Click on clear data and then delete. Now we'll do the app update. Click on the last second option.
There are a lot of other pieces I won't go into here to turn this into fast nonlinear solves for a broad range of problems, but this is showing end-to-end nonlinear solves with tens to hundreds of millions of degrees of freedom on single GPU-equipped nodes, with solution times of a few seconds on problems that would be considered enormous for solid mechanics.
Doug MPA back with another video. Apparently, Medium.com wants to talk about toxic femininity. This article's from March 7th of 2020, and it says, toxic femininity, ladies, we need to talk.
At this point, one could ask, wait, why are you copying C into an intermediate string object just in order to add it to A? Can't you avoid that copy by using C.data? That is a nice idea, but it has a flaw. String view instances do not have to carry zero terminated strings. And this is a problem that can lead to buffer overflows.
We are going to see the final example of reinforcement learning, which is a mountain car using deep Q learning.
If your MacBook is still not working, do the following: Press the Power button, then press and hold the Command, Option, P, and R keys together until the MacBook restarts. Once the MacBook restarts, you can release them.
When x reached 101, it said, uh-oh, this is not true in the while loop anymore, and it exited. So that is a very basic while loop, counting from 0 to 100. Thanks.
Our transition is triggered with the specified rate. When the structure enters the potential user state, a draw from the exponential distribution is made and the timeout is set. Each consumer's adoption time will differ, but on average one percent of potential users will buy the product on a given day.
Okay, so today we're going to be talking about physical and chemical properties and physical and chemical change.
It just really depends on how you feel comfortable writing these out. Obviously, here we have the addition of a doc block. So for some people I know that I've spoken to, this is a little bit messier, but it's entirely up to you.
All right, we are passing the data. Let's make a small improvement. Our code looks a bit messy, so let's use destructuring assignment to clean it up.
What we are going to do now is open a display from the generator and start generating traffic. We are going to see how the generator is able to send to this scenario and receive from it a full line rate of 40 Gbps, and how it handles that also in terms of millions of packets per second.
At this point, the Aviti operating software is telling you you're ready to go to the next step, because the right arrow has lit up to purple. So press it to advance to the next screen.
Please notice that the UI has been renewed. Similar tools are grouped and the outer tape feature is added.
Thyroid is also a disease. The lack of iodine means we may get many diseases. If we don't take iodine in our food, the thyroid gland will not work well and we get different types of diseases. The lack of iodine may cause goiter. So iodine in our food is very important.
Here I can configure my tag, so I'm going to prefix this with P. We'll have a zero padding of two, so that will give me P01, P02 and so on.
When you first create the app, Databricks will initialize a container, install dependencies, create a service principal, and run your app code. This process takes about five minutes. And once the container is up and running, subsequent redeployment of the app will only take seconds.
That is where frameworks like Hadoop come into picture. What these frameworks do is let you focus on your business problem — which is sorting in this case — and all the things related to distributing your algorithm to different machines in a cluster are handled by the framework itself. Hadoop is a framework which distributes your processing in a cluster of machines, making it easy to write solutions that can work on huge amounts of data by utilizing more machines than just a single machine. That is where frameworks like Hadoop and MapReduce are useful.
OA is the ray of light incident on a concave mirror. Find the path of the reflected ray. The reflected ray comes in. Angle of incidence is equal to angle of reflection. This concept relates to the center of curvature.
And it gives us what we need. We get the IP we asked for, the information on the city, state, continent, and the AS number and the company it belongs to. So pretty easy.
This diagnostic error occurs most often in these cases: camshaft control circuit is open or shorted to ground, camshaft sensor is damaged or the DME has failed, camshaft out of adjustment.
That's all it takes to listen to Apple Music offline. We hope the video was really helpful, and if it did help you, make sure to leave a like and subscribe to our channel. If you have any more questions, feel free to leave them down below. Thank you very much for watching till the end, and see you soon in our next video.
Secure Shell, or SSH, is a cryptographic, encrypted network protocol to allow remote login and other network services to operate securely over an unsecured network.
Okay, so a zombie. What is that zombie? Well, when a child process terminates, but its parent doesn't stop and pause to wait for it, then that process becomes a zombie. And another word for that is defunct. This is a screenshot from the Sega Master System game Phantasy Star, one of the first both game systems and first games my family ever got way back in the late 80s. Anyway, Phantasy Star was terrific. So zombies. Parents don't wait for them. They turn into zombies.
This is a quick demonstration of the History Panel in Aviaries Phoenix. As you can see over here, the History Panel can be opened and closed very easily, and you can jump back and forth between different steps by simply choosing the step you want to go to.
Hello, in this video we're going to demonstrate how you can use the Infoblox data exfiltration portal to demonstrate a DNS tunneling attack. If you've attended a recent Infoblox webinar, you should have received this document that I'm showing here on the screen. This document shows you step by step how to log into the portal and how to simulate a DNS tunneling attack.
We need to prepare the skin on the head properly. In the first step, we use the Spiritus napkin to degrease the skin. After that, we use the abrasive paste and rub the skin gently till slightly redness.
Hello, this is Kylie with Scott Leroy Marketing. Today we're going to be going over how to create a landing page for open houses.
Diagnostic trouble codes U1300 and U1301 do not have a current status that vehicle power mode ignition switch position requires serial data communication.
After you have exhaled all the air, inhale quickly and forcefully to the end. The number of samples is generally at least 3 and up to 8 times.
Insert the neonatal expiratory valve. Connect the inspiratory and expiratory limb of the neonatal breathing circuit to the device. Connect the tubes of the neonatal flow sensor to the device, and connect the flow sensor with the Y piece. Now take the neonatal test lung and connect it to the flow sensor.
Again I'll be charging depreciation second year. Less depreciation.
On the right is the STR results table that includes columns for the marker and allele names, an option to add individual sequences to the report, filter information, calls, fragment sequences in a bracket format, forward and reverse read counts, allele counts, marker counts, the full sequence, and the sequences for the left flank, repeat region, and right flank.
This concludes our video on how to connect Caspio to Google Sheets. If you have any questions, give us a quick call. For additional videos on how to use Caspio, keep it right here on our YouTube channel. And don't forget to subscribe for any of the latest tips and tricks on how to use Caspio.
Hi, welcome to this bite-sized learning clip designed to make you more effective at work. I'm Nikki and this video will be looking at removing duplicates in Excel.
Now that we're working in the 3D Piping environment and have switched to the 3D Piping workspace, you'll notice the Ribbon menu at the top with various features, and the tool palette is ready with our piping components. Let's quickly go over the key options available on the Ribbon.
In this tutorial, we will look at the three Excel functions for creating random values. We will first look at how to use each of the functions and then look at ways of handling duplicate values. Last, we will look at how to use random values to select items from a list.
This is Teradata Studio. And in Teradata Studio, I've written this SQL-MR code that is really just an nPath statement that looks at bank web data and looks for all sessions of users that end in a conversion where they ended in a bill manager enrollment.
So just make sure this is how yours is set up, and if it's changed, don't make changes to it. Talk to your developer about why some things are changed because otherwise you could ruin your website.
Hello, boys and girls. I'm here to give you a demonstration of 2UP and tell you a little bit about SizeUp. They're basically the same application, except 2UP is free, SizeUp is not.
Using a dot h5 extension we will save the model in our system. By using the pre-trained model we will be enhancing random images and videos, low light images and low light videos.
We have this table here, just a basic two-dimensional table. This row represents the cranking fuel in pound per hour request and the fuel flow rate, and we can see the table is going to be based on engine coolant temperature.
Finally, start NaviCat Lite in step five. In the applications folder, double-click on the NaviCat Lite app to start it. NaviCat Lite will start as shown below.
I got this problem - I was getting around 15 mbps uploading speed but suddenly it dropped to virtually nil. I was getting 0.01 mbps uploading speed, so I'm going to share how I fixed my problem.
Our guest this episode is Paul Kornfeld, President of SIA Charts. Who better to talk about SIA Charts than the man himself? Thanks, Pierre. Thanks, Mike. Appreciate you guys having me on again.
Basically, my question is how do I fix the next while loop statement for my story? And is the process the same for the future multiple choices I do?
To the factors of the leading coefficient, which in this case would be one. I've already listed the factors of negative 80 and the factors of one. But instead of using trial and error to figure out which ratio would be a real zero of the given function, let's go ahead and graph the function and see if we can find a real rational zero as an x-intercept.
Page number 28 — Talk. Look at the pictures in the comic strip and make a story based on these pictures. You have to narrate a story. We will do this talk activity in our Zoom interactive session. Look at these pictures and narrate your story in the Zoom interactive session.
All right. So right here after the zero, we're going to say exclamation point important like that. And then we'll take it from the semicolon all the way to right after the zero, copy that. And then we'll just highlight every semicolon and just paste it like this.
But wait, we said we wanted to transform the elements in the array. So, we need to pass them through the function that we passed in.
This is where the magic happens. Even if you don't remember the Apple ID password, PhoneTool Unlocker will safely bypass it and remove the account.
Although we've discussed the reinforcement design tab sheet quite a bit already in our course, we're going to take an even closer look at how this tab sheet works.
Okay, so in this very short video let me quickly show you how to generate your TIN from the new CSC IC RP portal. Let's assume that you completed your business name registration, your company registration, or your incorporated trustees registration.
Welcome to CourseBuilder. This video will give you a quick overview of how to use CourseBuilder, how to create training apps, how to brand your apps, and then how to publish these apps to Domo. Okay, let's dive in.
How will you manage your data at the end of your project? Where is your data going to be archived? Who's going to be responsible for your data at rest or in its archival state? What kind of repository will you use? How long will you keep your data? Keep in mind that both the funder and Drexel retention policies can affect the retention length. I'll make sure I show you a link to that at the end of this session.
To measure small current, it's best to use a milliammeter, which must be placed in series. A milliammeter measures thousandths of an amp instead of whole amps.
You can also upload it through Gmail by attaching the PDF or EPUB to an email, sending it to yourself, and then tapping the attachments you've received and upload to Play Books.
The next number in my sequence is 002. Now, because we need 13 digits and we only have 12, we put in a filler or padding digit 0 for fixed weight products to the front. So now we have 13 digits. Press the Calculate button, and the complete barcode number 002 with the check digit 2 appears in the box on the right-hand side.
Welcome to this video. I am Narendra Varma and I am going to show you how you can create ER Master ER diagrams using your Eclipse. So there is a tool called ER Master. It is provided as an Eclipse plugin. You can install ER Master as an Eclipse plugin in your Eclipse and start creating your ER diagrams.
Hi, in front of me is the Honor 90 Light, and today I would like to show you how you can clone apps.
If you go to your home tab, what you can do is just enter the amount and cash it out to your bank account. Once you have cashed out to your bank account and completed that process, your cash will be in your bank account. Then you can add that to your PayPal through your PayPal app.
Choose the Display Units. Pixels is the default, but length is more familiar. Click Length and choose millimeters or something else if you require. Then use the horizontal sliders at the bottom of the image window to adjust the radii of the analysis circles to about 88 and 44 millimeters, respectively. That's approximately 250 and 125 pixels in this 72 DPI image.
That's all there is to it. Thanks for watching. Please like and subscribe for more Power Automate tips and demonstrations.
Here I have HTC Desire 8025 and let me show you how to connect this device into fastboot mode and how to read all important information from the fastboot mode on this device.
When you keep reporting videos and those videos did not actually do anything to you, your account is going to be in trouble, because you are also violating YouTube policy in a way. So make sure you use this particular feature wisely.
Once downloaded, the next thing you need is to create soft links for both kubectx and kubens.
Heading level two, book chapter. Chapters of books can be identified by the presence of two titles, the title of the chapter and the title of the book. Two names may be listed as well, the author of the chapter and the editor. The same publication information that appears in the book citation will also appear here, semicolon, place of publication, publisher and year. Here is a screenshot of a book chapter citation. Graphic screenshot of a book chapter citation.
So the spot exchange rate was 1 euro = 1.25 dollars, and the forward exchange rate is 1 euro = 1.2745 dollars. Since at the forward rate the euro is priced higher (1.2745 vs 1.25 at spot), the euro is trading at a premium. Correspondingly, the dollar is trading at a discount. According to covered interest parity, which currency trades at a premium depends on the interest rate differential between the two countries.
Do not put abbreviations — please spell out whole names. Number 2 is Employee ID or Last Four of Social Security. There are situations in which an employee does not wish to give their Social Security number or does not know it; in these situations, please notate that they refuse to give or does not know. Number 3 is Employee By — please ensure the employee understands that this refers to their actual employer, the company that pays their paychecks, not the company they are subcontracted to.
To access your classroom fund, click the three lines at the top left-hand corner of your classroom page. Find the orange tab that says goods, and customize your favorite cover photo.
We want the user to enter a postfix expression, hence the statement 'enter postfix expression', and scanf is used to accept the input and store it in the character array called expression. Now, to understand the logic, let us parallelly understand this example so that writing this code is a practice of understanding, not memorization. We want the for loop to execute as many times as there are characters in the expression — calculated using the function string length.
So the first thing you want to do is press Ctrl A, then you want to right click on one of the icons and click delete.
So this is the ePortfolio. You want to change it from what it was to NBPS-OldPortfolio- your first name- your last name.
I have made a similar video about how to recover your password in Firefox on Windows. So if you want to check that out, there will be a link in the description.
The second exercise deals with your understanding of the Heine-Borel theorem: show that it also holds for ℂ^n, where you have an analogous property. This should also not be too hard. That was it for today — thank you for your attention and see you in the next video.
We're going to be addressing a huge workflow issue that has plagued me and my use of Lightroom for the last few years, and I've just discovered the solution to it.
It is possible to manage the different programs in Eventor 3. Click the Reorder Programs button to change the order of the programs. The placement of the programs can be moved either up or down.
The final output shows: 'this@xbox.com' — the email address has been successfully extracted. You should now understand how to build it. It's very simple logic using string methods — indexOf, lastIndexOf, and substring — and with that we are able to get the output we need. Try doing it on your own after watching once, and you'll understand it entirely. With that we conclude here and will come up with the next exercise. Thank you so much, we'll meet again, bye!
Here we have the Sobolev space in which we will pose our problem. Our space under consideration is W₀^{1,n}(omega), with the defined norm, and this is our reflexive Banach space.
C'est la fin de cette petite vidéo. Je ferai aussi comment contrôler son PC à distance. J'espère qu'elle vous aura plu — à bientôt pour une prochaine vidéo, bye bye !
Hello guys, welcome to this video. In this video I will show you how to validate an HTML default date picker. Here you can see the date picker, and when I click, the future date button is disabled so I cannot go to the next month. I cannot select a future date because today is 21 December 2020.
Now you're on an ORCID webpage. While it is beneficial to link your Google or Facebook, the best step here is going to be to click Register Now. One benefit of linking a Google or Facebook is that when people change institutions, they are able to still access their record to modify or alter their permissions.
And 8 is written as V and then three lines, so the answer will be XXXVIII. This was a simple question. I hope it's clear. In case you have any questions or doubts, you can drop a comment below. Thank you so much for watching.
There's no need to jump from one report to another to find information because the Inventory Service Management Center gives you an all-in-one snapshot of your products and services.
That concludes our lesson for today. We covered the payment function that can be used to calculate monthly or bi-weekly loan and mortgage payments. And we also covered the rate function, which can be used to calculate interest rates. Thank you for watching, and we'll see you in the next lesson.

» Your task
Repeat, exactly as they stand above, the lines from the line with "This is a quick" to the line with "On the right is", both lines included.

» Written answer
This is a quick demonstration of the History Panel in Aviaries Phoenix. As you can see over here, the History Panel can be opened and closed very easily, and you can jump back and forth between different steps by simply choosing the step you want to go to.
Hello, in this video we're going to demonstrate how you can use the Infoblox data exfiltration portal to demonstrate a DNS tunneling attack. If you've attended a recent Infoblox webinar, you should have received this document that I'm showing here on the screen. This document shows you step by step how to log into the portal and how to simulate a DNS tunneling attack.
We need to prepare the skin on the head properly. In the first step, we use the Spiritus napkin to degrease the skin. After that, we use the abrasive paste and rub the skin gently till slightly redness.
Hello, this is Kylie with Scott Leroy Marketing. Today we're going to be going over how to create a landing page for open houses.
Diagnostic trouble codes U1300 and U1301 do not have a current status that vehicle power mode ignition switch position requires serial data communication.
After you have exhaled all the air, inhale quickly and forcefully to the end. The number of samples is generally at least 3 and up to 8 times.
Insert the neonatal expiratory valve. Connect the inspiratory and expiratory limb of the neonatal breathing circuit to the device. Connect the tubes of the neonatal flow sensor to the device, and connect the flow sensor with the Y piece. Now take the neonatal test lung and connect it to the flow sensor.
Again I'll be charging depreciation second year. Less depreciation.
On the right is the STR results table that includes columns for the marker and allele names, an option to add individual sequences to the report, filter information, calls, fragment sequences in a bracket format, forward and reverse read counts, allele counts, marker counts, the full sequence, and the sequences for the left flank, repeat region, and right flank.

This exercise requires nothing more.